Archives de catégorie : Music Box

Chroniques d’albums contemporains

The Mars Volta – Frances The Mute

4 « mouvements » divisés en plusieurs parties, dépassant parfois la demi-heure, 77 minutes, des titres comme « Cygnus…Vismund Cygnus » et un thème général très obscur, voici en quelques mots ce qu’on savait du nouvel album de Mars Volta avant de l’écouter. Une petite récapitulation préalable, Mars Volta est issu du split d’At The Drive-In (l’autre moitié du groupe formant les très moyens Sparta) et cet album est leur second, après De-Loused In The Comatorium, assez bien accepté.

Frances The Mute se présente donc comme un mastodonte de prog-rock prétentieux, chiant ou absolument génial, question de point de vue, sans doute. En fait, c’est un peu des deux. Rien n’est simple : la moindre idée mélodique, la plus petite unité lyrique est disséquée et truffée de manipulations sonores, de longues plages répétitives vaguement instrumentales avant qu’un riff reprenne le dessus.

Parfois, des éclairs de brillance étonnent, comme le mélodique L’Via L’Vasquez ou le single mélancolique The Widow, mais le reste de l’album est noyé dans un bouillon progressif ennuyeux, même si parfois complètement cinglé.

Musicalement, on ne pas pas dire que le groupe soit mauvais : les guitares sonnent sovent comme du John Frusciante (présent justement sur l’album) et la voix de Cedric Bixler-Zavala plus Mercury que jamais, convient très bien à ces épopées infinies. Mais on peut quand même rester sur l’impression que FTM est plutôt artificiel, sans substance, et bizarre sans trop de raison, tant la puissance mélodique de certaines parties de l’album aurait mérité une place, peut-être pas plus importante, mais en tout cas mieux définie. Et les solos de trompette de Flea, non merci…

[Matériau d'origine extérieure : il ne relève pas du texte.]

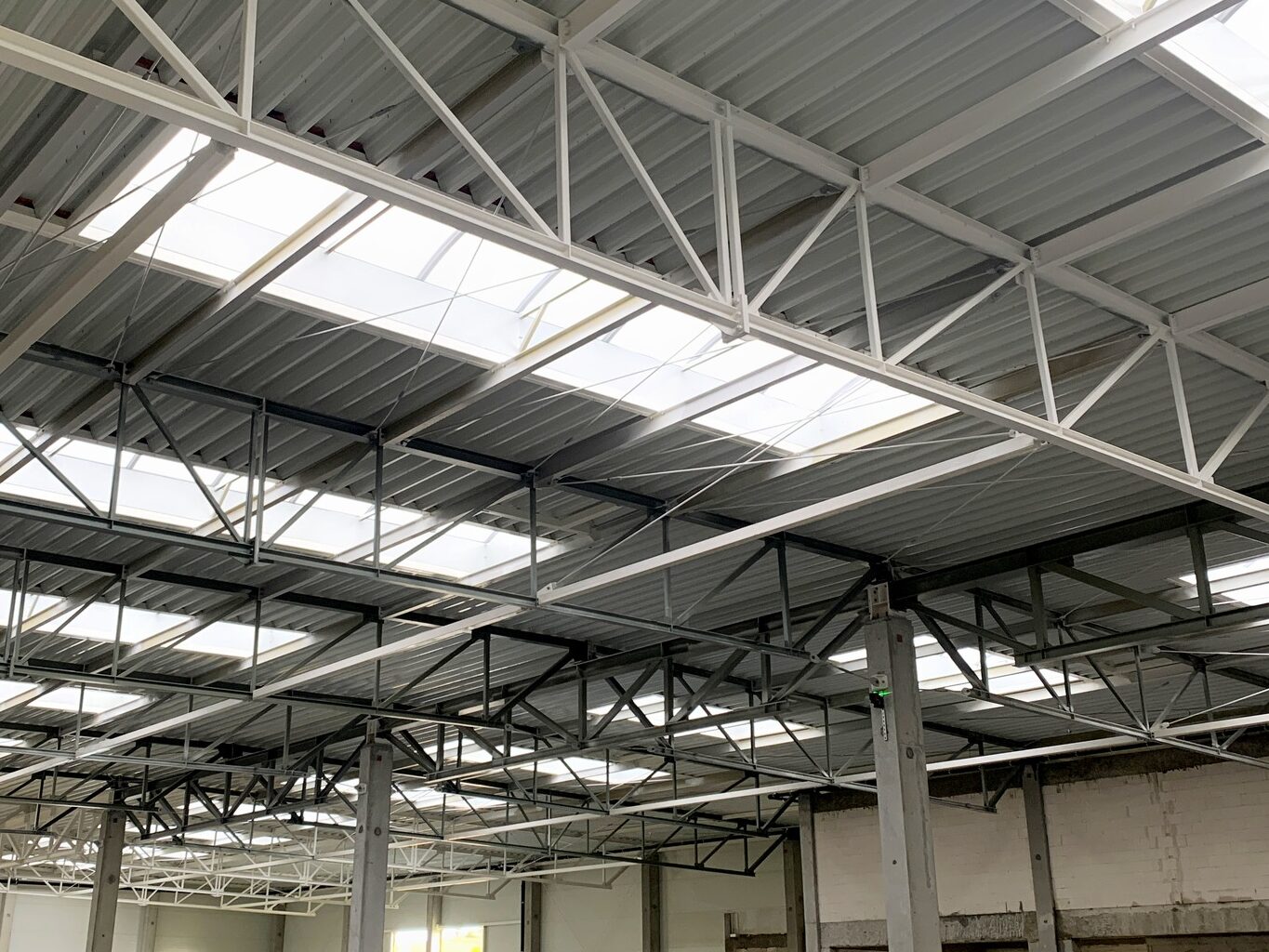 Świetlik dachowy zamontowany w dachu z blachy trapezowej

Ceci dit, sur scène, ça doit être complètement dingue, mais sur album, on n’est pas vraiment captivés par un album acceptable, mais qui échoue dans son objectif principal.

Bloc Party – Silent Alarm

Attention, très gros hype en vue… Détenteur du titre de « Franz Ferdinand potentiel 2005 », Bloc Party sort enfin son premier album, après quelques singles et EP très prometteurs. Résultat : rien à voir avec Franz Ferdinand, évidemment. Bon, ils jouent tous deux des instruments classiques, et leurs morceaux sont plus dansants que d’habitude, mais la comparaison s’arrête là. FF possède ce côté hédoniste et arty alors que Bloc Party la joue plus discret, plus modeste, et surtout, les morceaux de BP semblent là pour durer, alors qu’on peut craindre le futur de FF.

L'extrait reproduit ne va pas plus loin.